*Work item*: Beginning with the line containing "JeromeASF The Best" and ending at the last line of the data, set down every line exactly, leaving out all pictures.

*Provided material*:
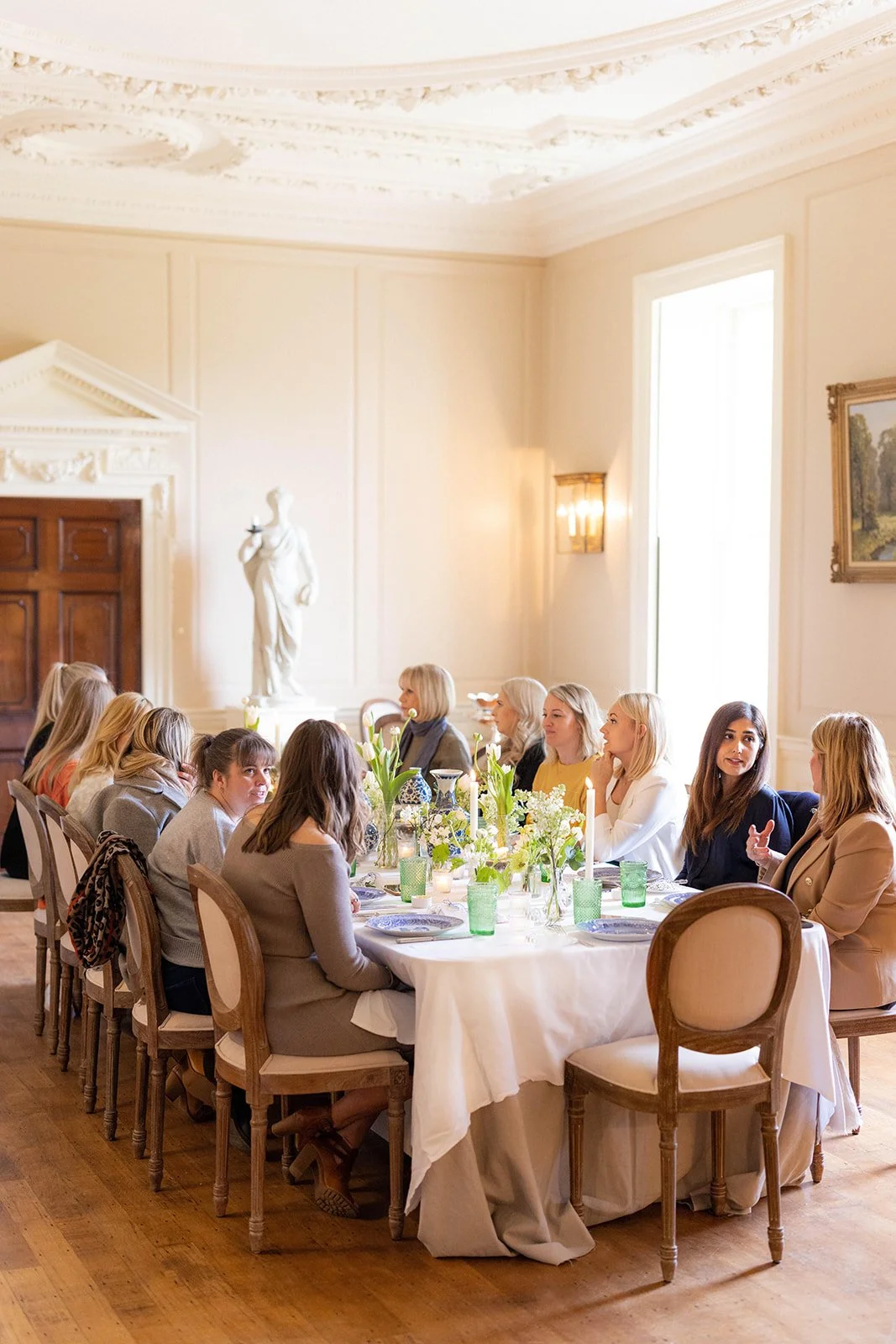 Business workshop at Findon Place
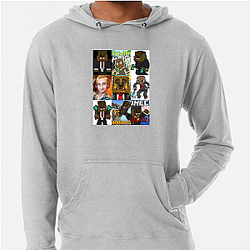 JeromeASF The Best Youtuber Jerome A S F Hoodies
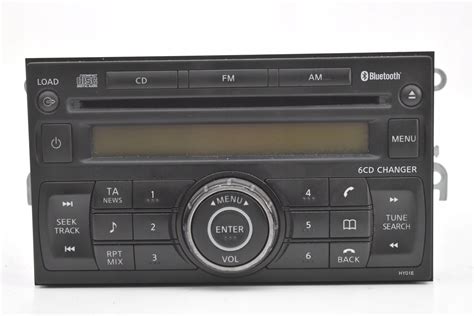 RADIO RADIOODTWARZACZ CD RDS NISSAN QASHQAI I 28185JD40A za 149 zł z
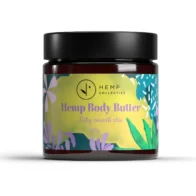 Hemp Collective - Hemp Body Butter 60g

*Output below*:
 JeromeASF The Best Youtuber Jerome A S F Hoodies
 RADIO RADIOODTWARZACZ CD RDS NISSAN QASHQAI I 28185JD40A za 149 zł z
 Hemp Collective - Hemp Body Butter 60g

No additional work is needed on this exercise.